M. R. Franks*

This review appeared in the Fall 1994 issue of Northwestern Journal of International Law & Business, published by the Northwestern University School of Law in Chicago. It may be cited as M. R. Franks, Sovereignty, Statehood and Self-Determination, 15 J. Int'l L. & Bus. 231 (Fall 1994).

Copyright © 1994, M. R. Franks, Baton Rouge, Louisiana

*Assistant professor of law at Southern University, Baton Rouge, Louisiana; formerly associate professor of law at the Université de Cergy-Pontoise, Paris, France. The author holds his Bachelor of Science and Juris Doctor degrees from Memphis State University.

To tour the world while examining the various claims to sovereignty over virtually every inch, one may read Nii Lante Wallace-Bruce's book, Claims to Statehood in International Law.

His book is a fascinating excursion through the "four worlds." Although the origin of the terminology is obscure,1 the term "First World" clearly refers to capitalist countries historically belonging to NATO and the Organization for Economic Cooperation and Development (OECD). The term "Second World" refers to the former Soviet Bloc. The term "Third World" refers to everything else, and has come to mean economically developing countries.2 More recently, the term "Fourth World" was coined to refer to indigenous populations whose lands and cultures are engulfed by countries of the First, Second and Third Worlds.3

Dr. Wallace-Bruce's short book differs from the leading book on the subject of statehood4 in that his book consists primarily of case studies with particular emphasis on recent difficult cases.

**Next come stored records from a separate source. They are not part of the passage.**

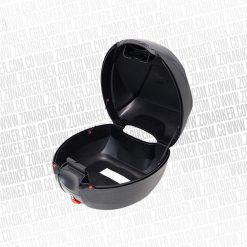 MALETEROATOMCASE30LTSCARBONONEGRO1 - ZONABIKER LA 21 9
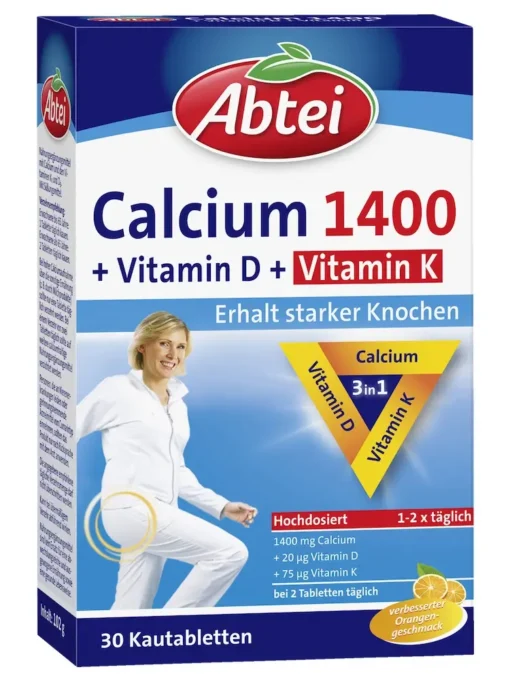 abtei-calcium-1400-vitamin-d-vitamin-k-30-vien-510x680-1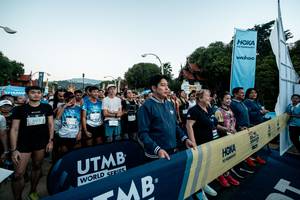 BIB: 802, 207
                            <button type="button" onclick="openModal(22791206)" class="btn btn-primary btn-sm float-right btn-popup" data-toggle="modal" data-target=".modal-high-quality">
                        <i class="fas fa-shopping-cart"></i> Add to Cart
                    </button>
                                            <button type="button" onclick="isThisMe(22791206, true)" class="btn btn-success btn-sm float-right btn-popup btn-isme hidden" data-toggle="tooltip" data-placement="bottom" title="นี่คือรูปของคุณใช่ไหม คลิกที่นี่เพื่อเอาเข้าอัลบั้ม">
                        <i class="fas fa-plus"></i> Add to album
                    </button>
                    <button type="button" onclick="isThisMe(22791206, false)" class="btn btn-warning btn-sm float-right btn-popup btn-isnotme hidden">
                        <i class="fas fa-ban"></i> Remove from album
                    </button>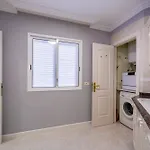 Sailor Rest En Costa Sol Apartman Costa Del Silencio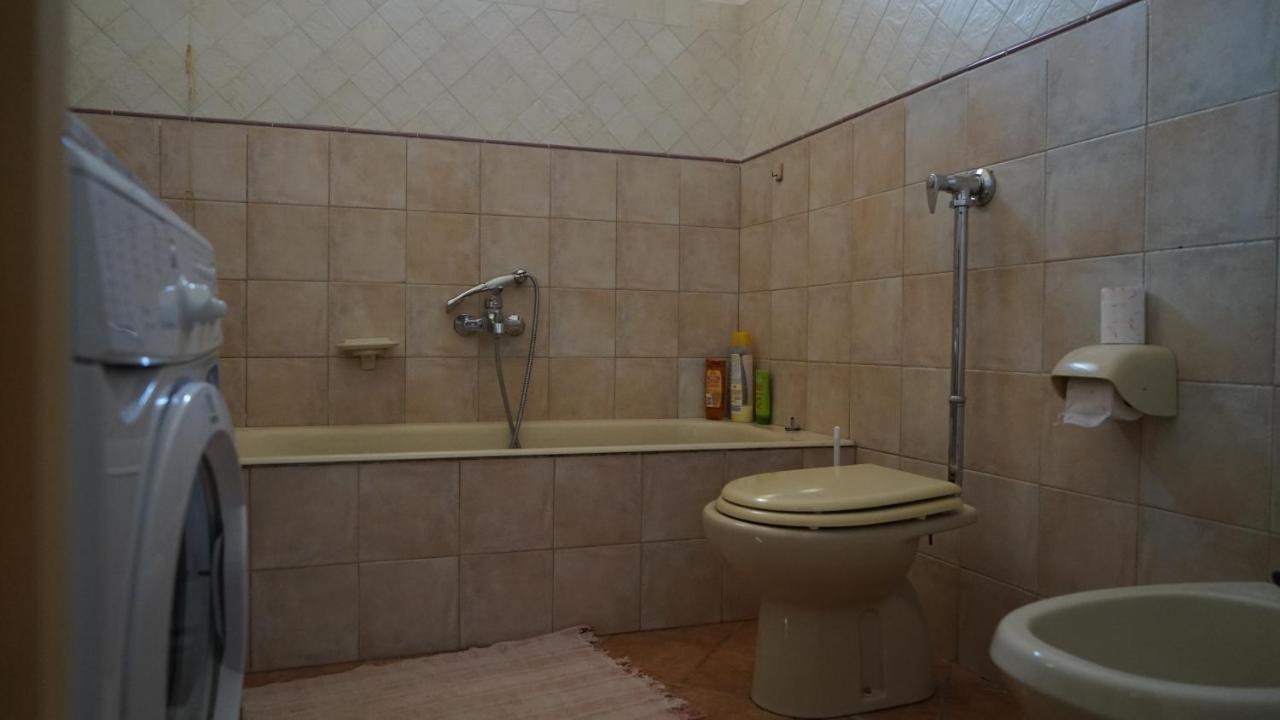 Casa Delle Fate Homestay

The author begins by looking at how claims of sovereignty historically were asserted by European colonial powers against indigenous populations -- Native Americans, Canadian Indians, Africans, Australian Aborigines, New Zealand Maori and d others. With the exception of Australia, whose acquisition was rationalized by classifying the continent as terra nullius despite the presence of Aborigines, and with the further exception of Latin America, which was conquered by conquistadores, almost all other acquisitions of colonial territory by European powers were rationalized as the supposed de jure cession of territory to the conquering country by treaty with the natives. This was the operative model in the United States, Canada, New Zealand, and most of Africa and Asia.Early in his book, author Wallace-Bruce explores the history of the concept of statehood as well as modern criteria for statehood (defined territory, permanent population, effective government, capacity to enter into foreign relations, and independence). From his book we learn that statehood in the modern international sense is a relatively new concept developed between the fifteenth and seventeenth centuries.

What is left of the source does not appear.